Undeterred, the UC Santa Barbara professor of history, who specializes in ancient China, dove into training like an Olympian. With the help of a $238,700 New Directions fellowship from the Andrew W. Mellon Foundation, Barbieri became, for all intents and purposes, a graduate student in Egyptian archaeology and hieroglyphics at UCLA.

The result after seven years of study and research: “Ancient Egypt and Early China: State, Society, and Culture” (University of Washington Press, 2021), Barbieri’s groundbreaking comparison of the two civilizations.

The similarities between New Kingdom Egypt and Han dynasty China are both stark and subtle. Both sat on river plains that required sophisticated management to feed their people; each relied on warfare and diplomacy to expand and maintain their empires; both had notorious leaders who enacted radical reforms and were later undone by overreach; each had a system of universal justice; both maintained a culture of highly trained scribes; each developed elaborate tomb models that provided for the afterlife; and both created board games that helped one find paradise in the afterlife.

Comparative studies of civilizations are not new. As Barbieri notes, multiple scholars have compared Roman and Greek societies with that of China. But those cultures were contemporaneous, allowing for the possibility of contact and influence. Not so with the New Kingdom and the Han dynasty.

“There’s no direct contact between the two, obviously, because the time-frame is skewed,” he said. “I did that intentionally because then you don’t get cross-contamination, which can hamper a cross-cultural comparison.”

So why compare New Kingdom Egypt and Han dynasty China?
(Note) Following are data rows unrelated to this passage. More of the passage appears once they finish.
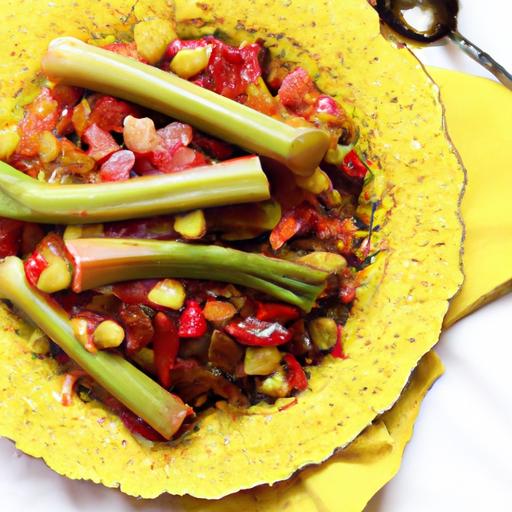 Rhubarb and Green Bean Salad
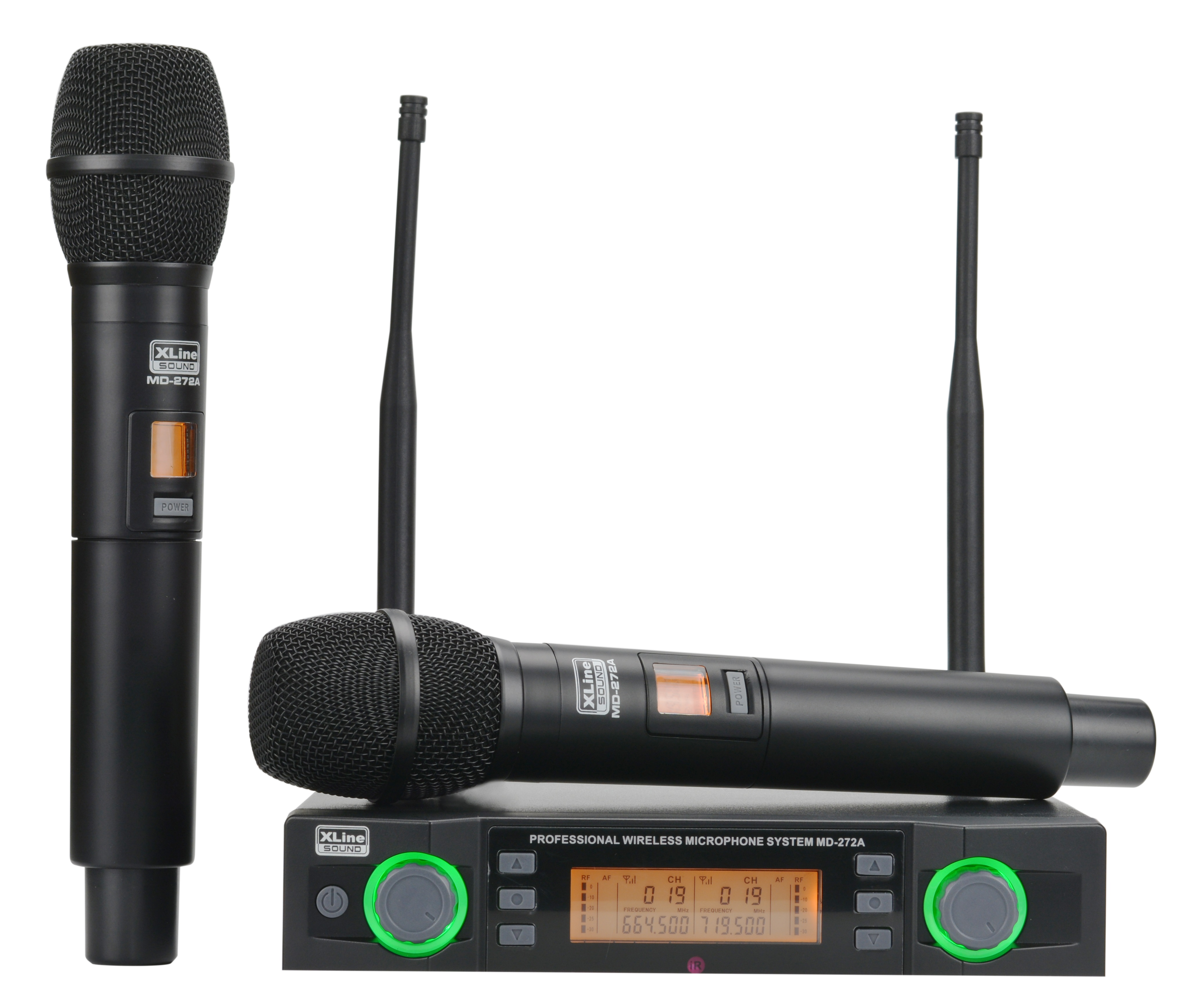 XLINE MD-272A Радиосистема c двумя ручными передатчиками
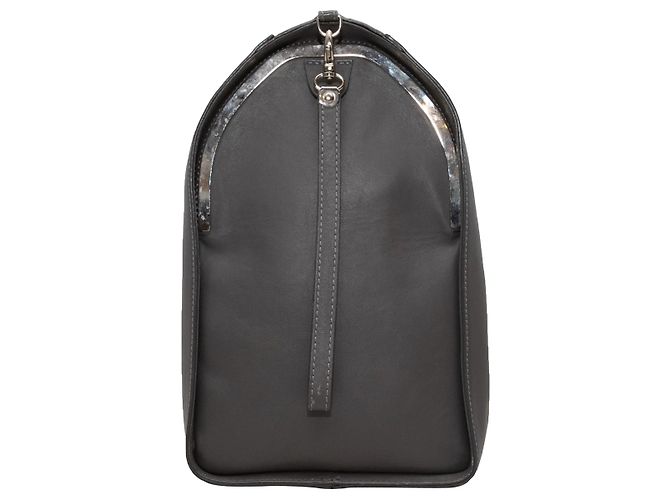Maison Martin Margiela Pochette con zip in pelle grigia Maison Margiela Grigio - vista 4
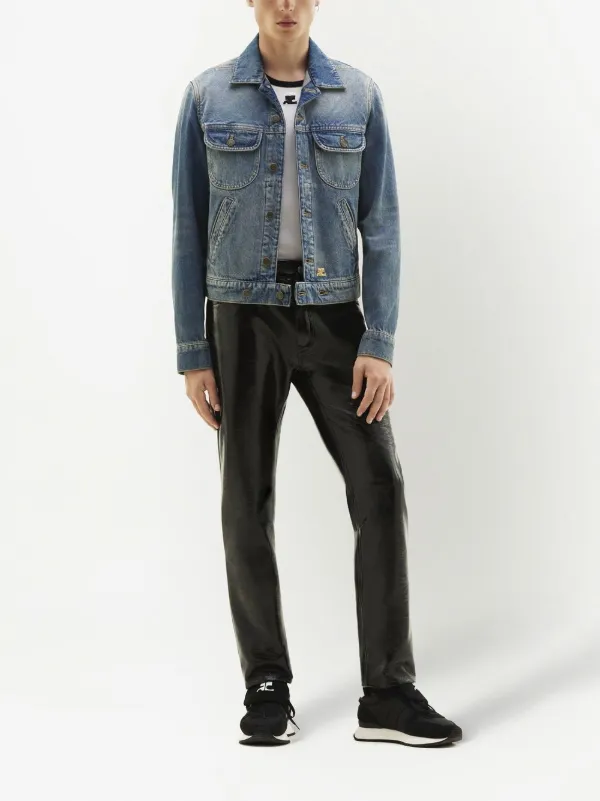 【税関/送料込】COURREGES ★ 「ReEdition Vinyl」パンツ REEDITION 5-POCKET VINYL PANTS - courrèges (クレージュ)
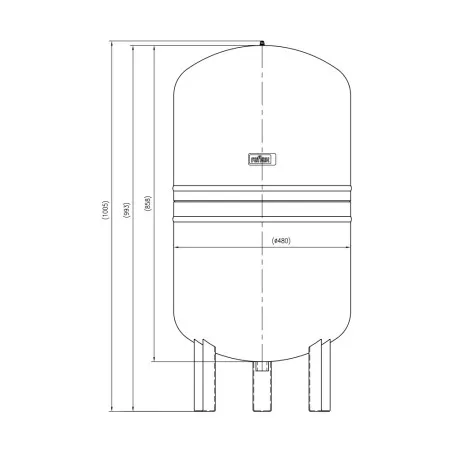 Reflex Refix DC 140 naczynie przeponowe 140l 10 bar 7309900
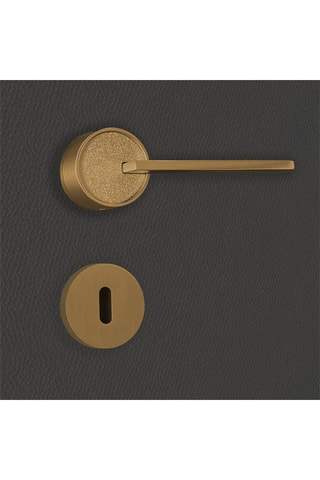 2 poignées de porte à clé Gulia - 12,6 x 5,5 cm - aspect or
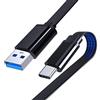 UNIDOPRO 1M USB-C to USB-A 3.0 Cavo, USB C Piatto Ricarica Rapida 3A per Samsung Galaxy S22 S21 S20 FE Note 20 A20e A21s A30s A31 A32 A33 A41 A51 A52 A53 A72 |Xiaomi Redmi Note 11 1 9T 9S 9 Pro POCO X4 X3 Pro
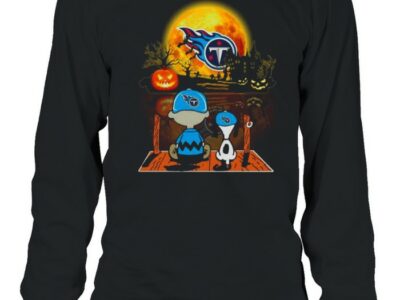 snoopy and charlie brown pumpkin tennessee titans halloween moon shirt long sleeved t shirt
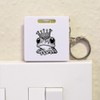 Azeeda 'Frog Prince' Keyring Tape Measure/Spirit Level Tool (KM00038633)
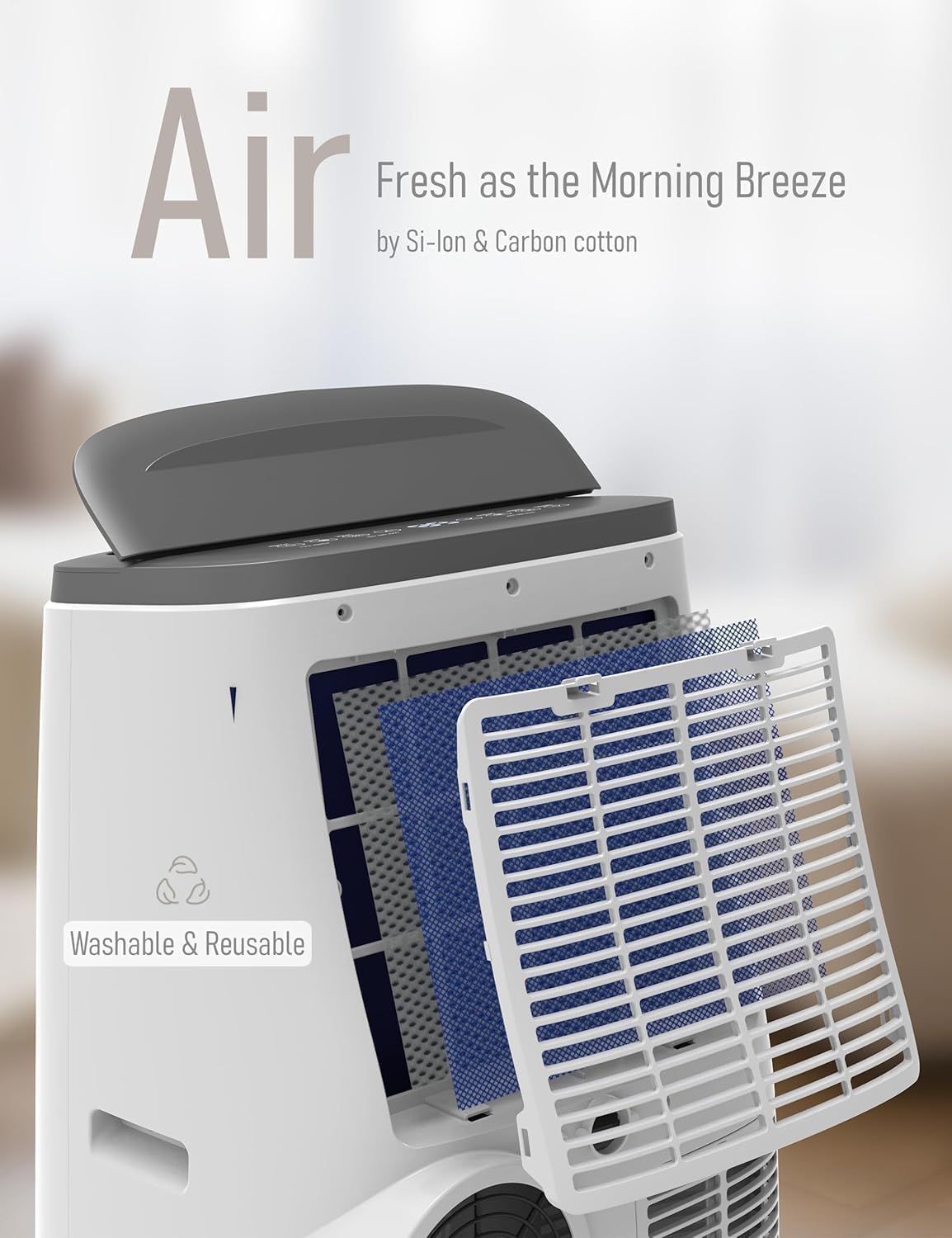 14,000 BTU Portable Air Conditioner，3-In-1 Free Portable AC Unit With Fan & Dehumidifier Cools Up to 700 Sq.Ft,Smart/Sleep Mode,3 Speed,24H Timer for Bedroom, Room, Office,Black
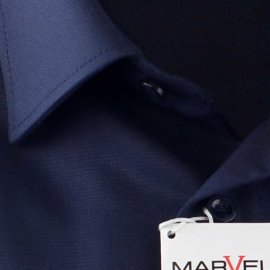 MARVELIS men´s Shirt MODERN FIT summer acquard short sleeve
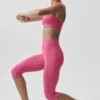 Pantalones capri Alo Softsculpt Shoreline - Rosa Paraíso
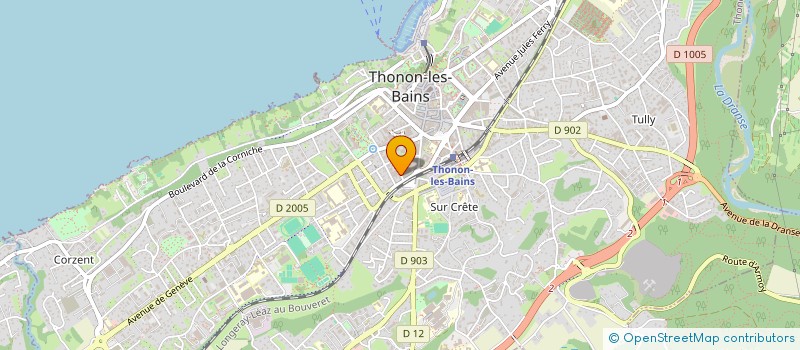 localisation de l'entreprise MONSIEUR ALEXANDRE HINC à THONON-LES-BAINS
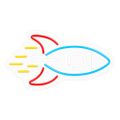 Neon PLEXI LED ROCKET multicolor NNE18 Neolia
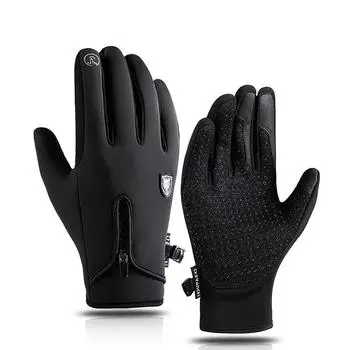 Перчатки для рыбалки водонепроницаемые нескользящие с сенсорным экраном для занятий спортом на открытом воздухе велоспортом катание на лыжах ветрозащитные перчатки для рыбалки унисекс M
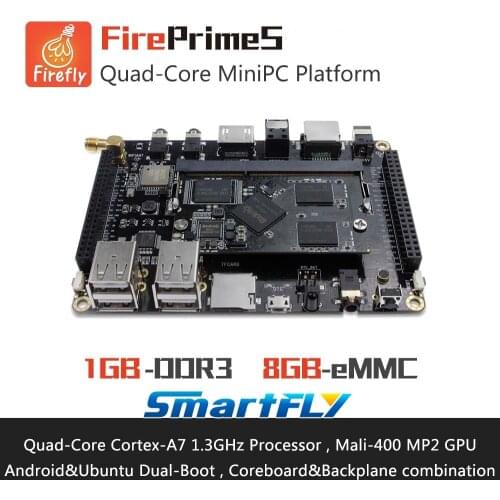 500pcs FirePrimeS Quad-Core ARM Cortex-A7 Processors Development Board , RK3128 , Support Ubuntu15.04 and Android5.1 demo board
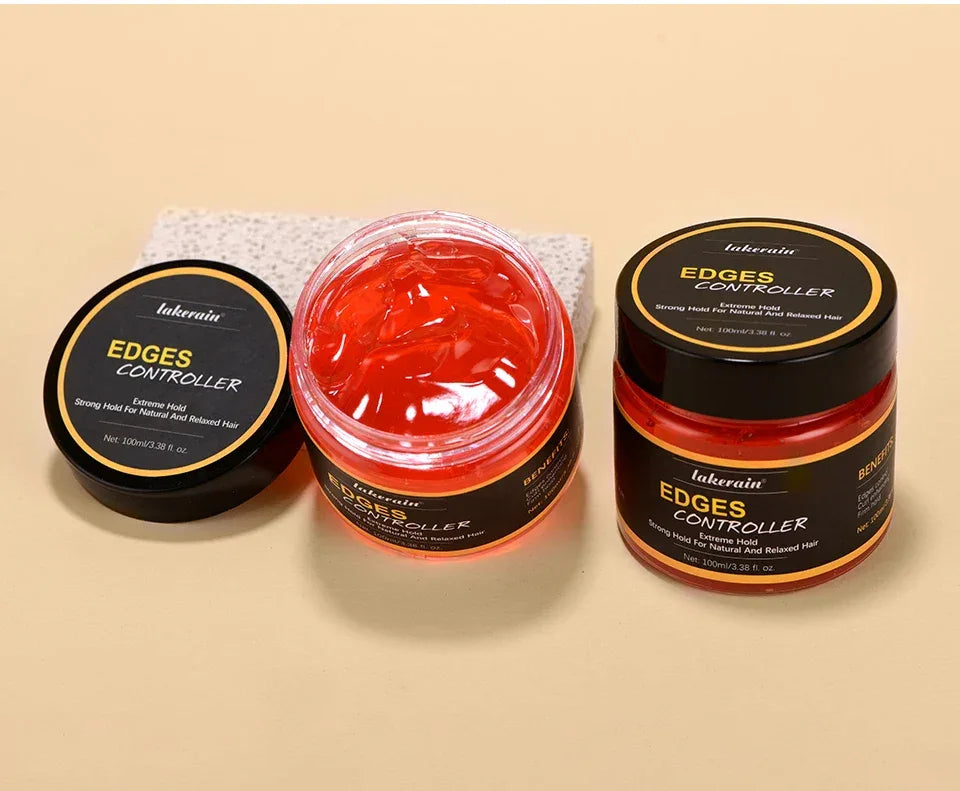 Edge Control Strong Hold Hair Gel Thick Edges Styling Gel Non-Greasy Non-Flaking No White Cast Long Lasting Supports All Hair Ty - Luvia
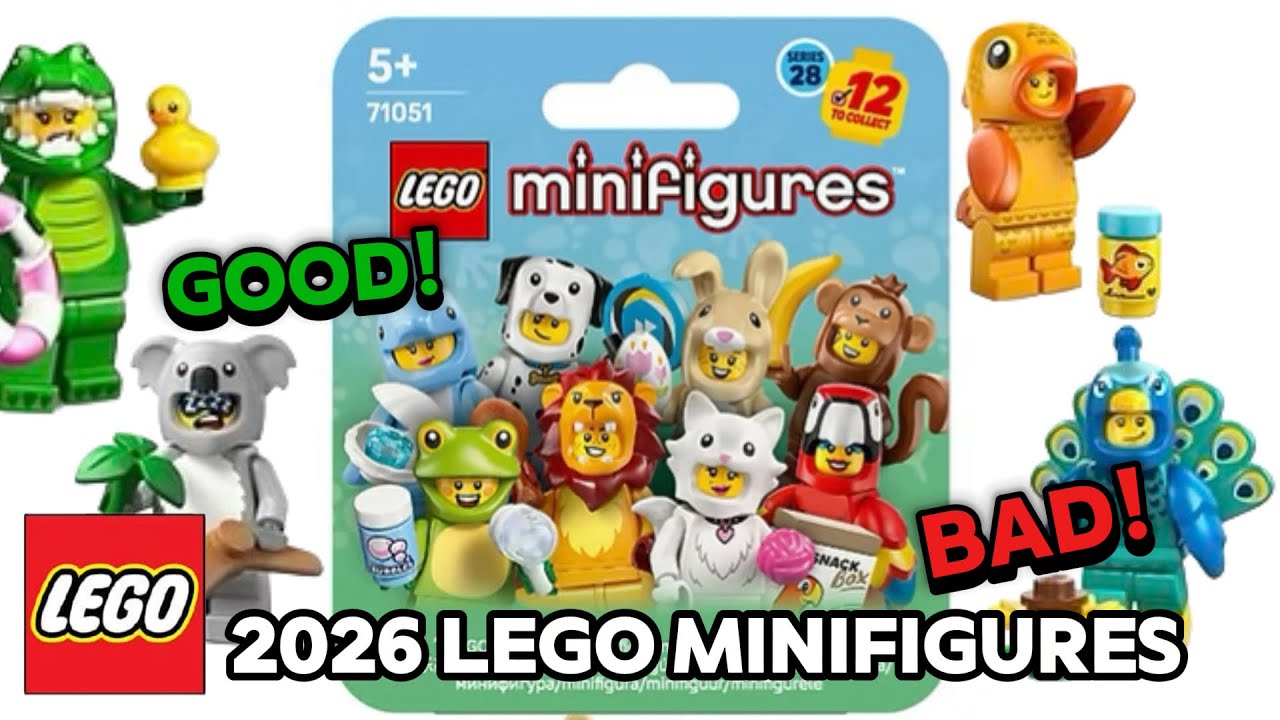 New 2026 Lego Animals Series 28 MiniFigures! (All 12 Ranked)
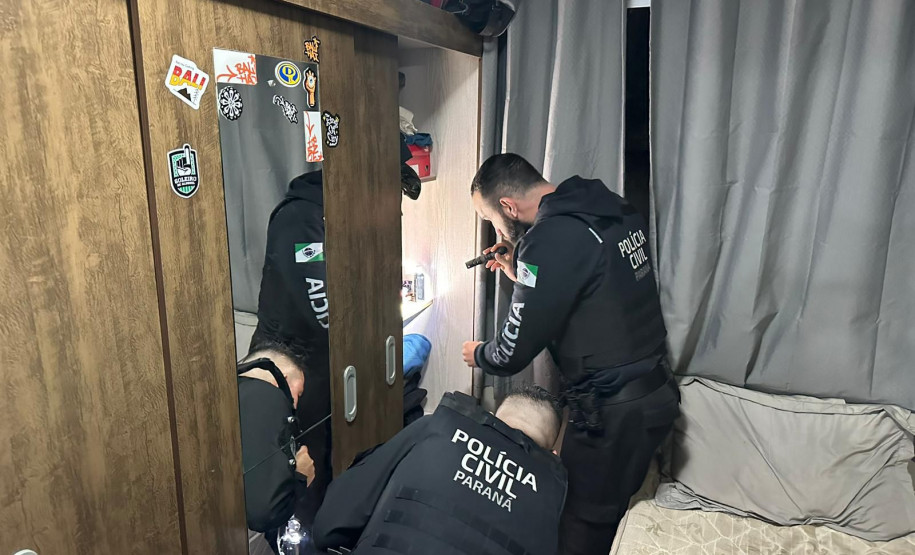 PCPR realiza operação contra organização criminosa especializada em furto de cabos telefônicos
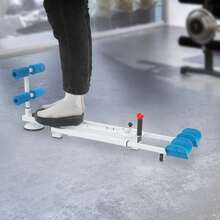 Heavy Duty Leg Stretcher 330LBS Load 5-Level Adjustable Leg Split Equipment Ideal Gift For Dancers Yogis Fitness Enthusiasts Blue White - 1 - View 2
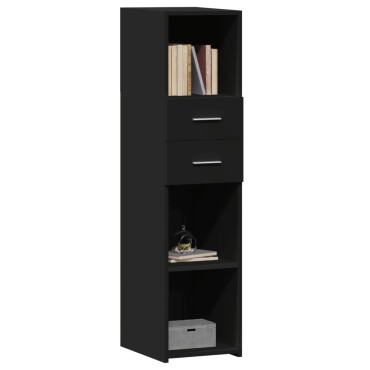 vidaXL Ντουλάπι Μαύρο 30x42,5x124cm από Επεξεργασμένο Ξύλο 1 τεμ.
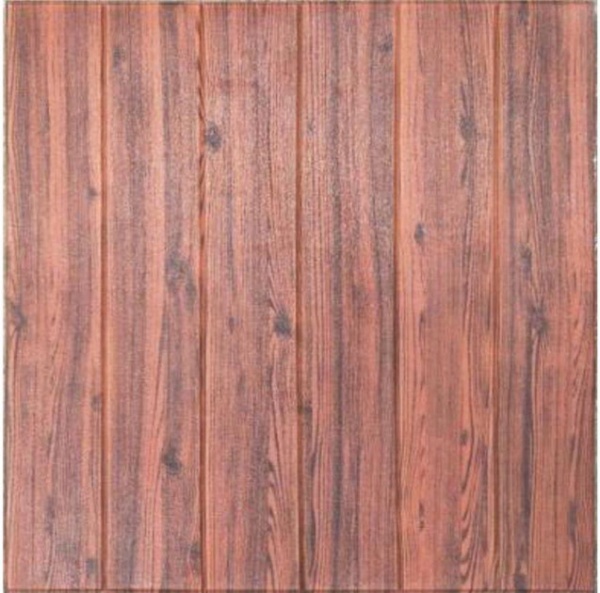 3D-панель с ПВХ самоклеящаяся дерево кальвадос 700x700x5 мм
For Barbieri, two key reasons stand out: For one, he’s had a keen interest in Egyptology for many years. His education as a de facto grad student gave him the solid grounding he wanted. More importantly, he believes immersing himself in a new field allows him to avoid “the trap” of overspecialization, which can lead to a kind of academic tunnel vision.

As he has stated in an online lecture about the book, “One of the benefits of comparative study is to make what seems familiar, unfamiliar, to break oneself out of the routine of thinking that certain things about China or certain things about Egypt are normal or characteristic of those civilizations and to force oneself to think differently about the situation.”

Barbieri credits his graduate advisor at Princeton, Robert W. Bagley, who was fascinated by Egypt, for helping him think outside the China box.

“Even though he was a China specialist,” Barbieri said, “almost the only thing we ever read together was Egyptology or anthropology, because he said you have to read outside your field. He trusted me to teach myself about China, but he said, ‘You really have to read outside your field. You have to see what anthropologists and other people are doing.’ ”

Barbieri — who reads and speaks modern Chinese, reads ancient Chinese, Japanese and ancient Egyptian, and plans to learn ancient Greek — said that his study of Egyptology offered him new ways to think about China and led directly to his book, which is the first of its kind.

“As I was sitting in those classes at UCLA,” he said, “every time stuff would come up, I would always be thinking about China. What does this look like in China? Or how is this similar? How is this different than China? And so the book started writing itself in my head while I was in these classes. I realized that this would make a fantastic book that no one had ever attempted before.”